Die „Idomeneo“-Absage lehrt: Die Freiheit der Kunst ist nicht selbstverständlich. Sie wird zunehmend bedroht

Die erste Aufregung um die Aufführungsabsage der Deutschen Oper Berlin hat sich gelegt; nun streiten sich die Beteiligten um ihren Anteil an der Verantwortung. So weit, so schlecht. Was aber darüber hinaus sichtbar geworden ist, hat eine ganz andere Dimension: nämlich die Freiheit der Kunst. Die Freiheit, Kunst zu schaffen und öffentlich zu machen – wie umgekehrt, sich öffentlich dazu zu äußern, und das ohne Furcht und Gefahr.

Es ist dies eine Selbstverständlichkeit. Doch mit einem Mal dämmert es einer breiten Öffentlichkeit, dass das Selbstverständliche durchaus nicht selbstverständlich ist. Die Eilfertigkeit, mit der eben dieses Selbstverständliche nach Kirsten Harms’ hysterischer Absage betont worden ist, ganz gleich von welcher politischen Seite, macht es ganz im Gegenteil suspekt. Wie selbstverständlich ist die Freiheit?

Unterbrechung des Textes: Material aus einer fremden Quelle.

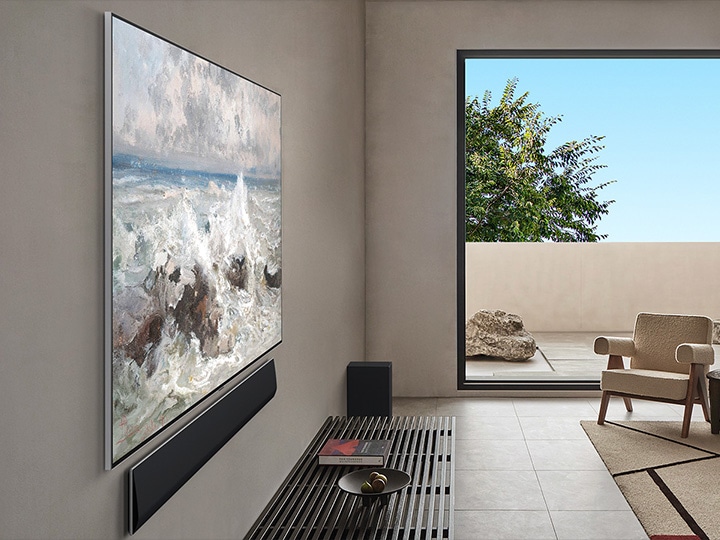 Schr?ge Seitenansicht eines wandmontierten LG OLED-Fernsehers in einem Wohnzimmer eines Premium-Haus. Es ist zu erkennen, dass es keinen Spalt zwischen dem Fernseher und der Wand gibt.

Denn darum geht es im Kern. Die Freiheit der Kunst – die Freiheit beispielsweise, auf der Bühne auch Jesus und Mohammed als abgeschlagene Pappköpfe vorzuführen – ist lediglich die zugespitzte Form einer Freiheit, die für uns alle selbstverständlich ist, weil sie die Grundlage unserer Selbstentfaltung bildet. Nicht in die Aufführung des „Idomeneo“ gehen zu können, mag als ein lässliches Übel erscheinen. Doch eine unbequeme Inszenierung ist nur der Anfang einer Spirale, an deren Ende jedweder Kunst das Recht abgesprochen wird, sich zu äußern oder überhaupt nur geschaffen zu werden.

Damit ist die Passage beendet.